Problem statement:
Include in the output exactly the lines from the opening of the data through the line containing "Buddha Stones Cotton", and nothing more.

(Source material)

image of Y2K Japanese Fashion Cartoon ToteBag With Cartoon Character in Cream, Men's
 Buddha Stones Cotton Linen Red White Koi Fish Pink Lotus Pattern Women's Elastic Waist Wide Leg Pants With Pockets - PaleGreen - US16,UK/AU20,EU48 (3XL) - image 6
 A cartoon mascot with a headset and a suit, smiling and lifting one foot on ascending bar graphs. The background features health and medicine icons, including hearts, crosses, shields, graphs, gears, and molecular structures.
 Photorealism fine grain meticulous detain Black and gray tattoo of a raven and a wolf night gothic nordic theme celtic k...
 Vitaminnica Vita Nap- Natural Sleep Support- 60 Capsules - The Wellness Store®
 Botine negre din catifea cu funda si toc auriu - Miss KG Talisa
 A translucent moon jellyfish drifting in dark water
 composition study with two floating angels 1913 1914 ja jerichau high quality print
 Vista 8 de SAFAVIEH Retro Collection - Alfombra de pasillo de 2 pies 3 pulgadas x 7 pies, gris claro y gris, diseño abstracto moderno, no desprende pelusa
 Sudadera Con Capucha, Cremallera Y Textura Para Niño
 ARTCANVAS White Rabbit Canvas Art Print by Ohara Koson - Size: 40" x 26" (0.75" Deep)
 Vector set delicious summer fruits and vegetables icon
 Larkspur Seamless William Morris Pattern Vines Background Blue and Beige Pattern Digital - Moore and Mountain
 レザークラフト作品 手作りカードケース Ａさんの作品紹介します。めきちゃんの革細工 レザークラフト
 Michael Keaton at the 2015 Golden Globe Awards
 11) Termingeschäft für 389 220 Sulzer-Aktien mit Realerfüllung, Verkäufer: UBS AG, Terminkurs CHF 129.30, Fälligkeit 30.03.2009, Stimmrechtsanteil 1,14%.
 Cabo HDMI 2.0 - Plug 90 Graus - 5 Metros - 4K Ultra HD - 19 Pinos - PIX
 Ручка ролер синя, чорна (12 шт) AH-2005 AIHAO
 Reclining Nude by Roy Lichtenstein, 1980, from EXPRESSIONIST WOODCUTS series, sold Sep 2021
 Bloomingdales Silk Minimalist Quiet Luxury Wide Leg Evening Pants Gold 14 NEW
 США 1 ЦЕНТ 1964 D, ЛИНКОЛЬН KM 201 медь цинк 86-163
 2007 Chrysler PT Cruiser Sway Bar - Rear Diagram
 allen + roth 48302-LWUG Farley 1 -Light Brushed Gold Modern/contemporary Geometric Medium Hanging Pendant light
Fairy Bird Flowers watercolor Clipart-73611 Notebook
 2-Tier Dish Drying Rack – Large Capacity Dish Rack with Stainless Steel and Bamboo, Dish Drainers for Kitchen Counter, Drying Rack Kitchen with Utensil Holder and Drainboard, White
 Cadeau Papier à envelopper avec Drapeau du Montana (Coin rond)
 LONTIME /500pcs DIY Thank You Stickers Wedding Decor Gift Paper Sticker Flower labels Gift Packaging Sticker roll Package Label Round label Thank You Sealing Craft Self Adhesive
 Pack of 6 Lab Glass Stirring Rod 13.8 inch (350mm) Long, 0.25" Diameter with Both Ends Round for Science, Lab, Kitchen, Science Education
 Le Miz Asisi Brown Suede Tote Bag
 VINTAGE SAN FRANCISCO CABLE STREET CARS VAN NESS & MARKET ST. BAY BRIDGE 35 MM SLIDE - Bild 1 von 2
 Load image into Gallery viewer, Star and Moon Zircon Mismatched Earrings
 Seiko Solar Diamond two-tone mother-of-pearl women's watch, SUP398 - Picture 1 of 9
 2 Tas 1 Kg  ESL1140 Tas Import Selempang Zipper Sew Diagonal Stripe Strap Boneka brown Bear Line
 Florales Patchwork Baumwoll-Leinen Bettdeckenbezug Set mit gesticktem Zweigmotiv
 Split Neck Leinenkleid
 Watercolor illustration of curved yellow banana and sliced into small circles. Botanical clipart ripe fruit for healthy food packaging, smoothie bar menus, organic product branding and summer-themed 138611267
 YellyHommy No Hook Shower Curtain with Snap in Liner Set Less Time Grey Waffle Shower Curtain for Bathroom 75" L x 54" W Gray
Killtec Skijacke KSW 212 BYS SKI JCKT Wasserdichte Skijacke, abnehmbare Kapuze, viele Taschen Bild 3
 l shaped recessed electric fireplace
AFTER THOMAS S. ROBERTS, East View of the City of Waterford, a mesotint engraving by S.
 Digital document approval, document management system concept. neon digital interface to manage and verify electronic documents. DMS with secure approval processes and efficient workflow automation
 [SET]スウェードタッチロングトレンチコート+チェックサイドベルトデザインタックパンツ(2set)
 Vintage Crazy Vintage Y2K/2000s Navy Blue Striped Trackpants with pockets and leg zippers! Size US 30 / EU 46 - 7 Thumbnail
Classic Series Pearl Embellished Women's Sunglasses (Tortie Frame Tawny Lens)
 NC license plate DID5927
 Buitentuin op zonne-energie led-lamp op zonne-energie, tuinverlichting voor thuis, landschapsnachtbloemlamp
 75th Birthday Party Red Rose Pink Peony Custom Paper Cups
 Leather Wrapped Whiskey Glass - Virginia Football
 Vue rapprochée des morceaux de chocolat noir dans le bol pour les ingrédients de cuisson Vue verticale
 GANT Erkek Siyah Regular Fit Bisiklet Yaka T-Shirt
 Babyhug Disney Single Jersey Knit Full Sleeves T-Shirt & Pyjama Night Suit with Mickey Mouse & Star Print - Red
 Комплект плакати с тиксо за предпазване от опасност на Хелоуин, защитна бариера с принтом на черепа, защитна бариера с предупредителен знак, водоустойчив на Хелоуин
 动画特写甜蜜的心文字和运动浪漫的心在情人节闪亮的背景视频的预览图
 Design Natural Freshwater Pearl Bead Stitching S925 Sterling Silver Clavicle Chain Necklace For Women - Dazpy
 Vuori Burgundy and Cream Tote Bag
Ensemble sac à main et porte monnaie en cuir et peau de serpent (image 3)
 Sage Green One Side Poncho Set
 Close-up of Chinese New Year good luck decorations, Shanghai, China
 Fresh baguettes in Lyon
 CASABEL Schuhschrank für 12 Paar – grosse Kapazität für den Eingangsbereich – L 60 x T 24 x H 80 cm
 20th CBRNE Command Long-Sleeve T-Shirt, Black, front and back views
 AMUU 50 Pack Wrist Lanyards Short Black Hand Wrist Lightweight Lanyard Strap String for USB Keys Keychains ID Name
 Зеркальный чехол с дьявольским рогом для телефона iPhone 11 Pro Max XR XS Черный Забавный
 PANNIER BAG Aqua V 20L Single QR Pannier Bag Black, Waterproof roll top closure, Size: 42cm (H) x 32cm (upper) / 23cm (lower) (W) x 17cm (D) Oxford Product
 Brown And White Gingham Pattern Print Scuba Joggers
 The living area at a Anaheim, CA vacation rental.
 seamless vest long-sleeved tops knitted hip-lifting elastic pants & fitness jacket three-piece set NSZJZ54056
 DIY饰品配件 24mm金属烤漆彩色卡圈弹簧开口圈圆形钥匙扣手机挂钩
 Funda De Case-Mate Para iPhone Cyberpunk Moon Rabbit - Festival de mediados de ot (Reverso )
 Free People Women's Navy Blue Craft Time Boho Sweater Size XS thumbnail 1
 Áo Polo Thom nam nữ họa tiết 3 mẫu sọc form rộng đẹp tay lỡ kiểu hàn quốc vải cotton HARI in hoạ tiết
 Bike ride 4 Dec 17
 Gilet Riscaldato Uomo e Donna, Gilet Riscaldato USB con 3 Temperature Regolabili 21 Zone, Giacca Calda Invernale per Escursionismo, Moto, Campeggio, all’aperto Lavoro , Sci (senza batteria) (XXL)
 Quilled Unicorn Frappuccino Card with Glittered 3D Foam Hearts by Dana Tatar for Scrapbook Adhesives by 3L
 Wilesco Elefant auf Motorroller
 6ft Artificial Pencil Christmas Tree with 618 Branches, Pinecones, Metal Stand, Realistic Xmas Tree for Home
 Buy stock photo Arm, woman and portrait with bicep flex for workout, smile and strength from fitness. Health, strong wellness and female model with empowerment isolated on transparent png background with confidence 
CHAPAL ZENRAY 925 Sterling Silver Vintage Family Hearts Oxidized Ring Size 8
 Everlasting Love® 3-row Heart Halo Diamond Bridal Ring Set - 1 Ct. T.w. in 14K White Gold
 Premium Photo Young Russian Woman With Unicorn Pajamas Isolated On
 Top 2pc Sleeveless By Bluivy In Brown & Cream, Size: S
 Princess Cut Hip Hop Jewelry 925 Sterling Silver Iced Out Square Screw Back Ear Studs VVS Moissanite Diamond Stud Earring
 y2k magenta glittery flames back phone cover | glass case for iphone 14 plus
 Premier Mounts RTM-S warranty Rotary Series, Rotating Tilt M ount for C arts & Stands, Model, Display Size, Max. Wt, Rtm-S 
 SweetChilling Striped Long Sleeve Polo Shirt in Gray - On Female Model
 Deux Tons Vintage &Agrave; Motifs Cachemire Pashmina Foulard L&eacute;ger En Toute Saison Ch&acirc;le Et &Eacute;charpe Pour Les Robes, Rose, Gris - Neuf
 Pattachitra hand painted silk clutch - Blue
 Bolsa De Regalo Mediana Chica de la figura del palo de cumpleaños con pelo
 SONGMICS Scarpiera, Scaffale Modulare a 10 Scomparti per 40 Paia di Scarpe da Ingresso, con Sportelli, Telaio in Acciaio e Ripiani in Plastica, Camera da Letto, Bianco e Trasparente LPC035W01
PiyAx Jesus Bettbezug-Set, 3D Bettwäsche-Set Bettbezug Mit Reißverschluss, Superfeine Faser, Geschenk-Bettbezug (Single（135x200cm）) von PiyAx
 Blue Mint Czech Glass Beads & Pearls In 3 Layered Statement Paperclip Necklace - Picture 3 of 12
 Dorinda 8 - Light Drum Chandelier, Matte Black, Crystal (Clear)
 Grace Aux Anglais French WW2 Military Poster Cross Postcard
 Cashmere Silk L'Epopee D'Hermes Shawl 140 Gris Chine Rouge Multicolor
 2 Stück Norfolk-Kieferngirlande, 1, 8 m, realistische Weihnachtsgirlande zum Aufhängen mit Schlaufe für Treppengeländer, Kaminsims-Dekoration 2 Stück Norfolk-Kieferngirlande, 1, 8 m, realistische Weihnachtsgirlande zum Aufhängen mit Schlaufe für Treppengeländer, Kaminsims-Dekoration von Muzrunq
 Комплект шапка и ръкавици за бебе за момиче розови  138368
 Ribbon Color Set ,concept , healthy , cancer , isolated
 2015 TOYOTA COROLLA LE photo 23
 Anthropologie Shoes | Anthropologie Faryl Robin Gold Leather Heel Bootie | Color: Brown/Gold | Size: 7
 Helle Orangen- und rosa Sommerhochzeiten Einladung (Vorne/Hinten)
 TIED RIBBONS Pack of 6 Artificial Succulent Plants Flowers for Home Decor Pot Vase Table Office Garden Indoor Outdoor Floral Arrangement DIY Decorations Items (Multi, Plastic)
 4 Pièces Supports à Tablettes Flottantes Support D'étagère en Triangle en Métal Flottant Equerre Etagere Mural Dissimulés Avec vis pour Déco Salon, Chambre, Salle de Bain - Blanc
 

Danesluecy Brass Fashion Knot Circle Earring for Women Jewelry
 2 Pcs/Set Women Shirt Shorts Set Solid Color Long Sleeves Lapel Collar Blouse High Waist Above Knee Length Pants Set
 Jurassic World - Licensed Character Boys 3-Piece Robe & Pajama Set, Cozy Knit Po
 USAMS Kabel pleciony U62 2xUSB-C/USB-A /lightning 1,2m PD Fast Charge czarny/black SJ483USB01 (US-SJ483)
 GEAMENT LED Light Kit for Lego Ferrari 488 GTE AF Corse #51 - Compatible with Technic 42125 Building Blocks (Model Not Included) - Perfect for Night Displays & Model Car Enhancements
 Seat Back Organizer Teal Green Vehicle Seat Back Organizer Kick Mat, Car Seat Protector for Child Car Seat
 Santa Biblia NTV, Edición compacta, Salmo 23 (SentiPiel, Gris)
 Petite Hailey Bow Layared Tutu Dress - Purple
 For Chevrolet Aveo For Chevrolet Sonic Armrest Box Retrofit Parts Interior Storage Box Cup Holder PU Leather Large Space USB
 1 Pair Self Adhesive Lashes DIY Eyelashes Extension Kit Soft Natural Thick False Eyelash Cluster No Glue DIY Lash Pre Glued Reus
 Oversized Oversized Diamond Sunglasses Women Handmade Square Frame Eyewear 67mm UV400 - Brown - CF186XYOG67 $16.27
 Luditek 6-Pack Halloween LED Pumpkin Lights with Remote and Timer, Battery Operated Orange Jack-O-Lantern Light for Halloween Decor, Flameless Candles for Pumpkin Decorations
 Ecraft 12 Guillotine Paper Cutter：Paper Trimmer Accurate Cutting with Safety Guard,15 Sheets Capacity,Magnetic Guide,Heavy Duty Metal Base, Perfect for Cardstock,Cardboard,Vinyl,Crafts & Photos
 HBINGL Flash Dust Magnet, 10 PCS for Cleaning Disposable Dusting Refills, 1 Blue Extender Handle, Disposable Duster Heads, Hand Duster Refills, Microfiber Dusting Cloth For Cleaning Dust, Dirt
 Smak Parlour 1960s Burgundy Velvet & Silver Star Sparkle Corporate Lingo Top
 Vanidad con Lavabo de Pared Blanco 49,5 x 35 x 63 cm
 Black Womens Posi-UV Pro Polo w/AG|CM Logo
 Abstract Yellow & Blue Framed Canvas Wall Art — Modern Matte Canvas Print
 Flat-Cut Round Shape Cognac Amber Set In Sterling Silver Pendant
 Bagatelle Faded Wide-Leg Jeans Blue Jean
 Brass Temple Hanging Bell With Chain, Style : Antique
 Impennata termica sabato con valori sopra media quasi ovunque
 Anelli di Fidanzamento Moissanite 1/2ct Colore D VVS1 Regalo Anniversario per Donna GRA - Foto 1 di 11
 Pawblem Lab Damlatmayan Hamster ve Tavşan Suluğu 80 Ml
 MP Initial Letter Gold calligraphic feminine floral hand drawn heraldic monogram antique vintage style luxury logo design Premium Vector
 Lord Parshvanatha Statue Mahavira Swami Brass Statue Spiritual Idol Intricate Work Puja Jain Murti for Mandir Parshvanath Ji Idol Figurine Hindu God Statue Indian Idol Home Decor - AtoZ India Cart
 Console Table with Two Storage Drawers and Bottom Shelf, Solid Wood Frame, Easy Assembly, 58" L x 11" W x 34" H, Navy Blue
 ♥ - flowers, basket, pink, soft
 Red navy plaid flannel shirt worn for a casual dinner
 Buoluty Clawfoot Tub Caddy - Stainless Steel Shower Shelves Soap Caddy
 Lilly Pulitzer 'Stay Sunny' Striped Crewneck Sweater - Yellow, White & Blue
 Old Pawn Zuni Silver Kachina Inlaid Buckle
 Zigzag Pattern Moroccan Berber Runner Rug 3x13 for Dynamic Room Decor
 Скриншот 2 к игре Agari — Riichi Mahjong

(End Source material)

Result of this task:
image of Y2K Japanese Fashion Cartoon ToteBag With Cartoon Character in Cream, Men's
 Buddha Stones Cotton Linen Red White Koi Fish Pink Lotus Pattern Women's Elastic Waist Wide Leg Pants With Pockets - PaleGreen - US16,UK/AU20,EU48 (3XL) - image 6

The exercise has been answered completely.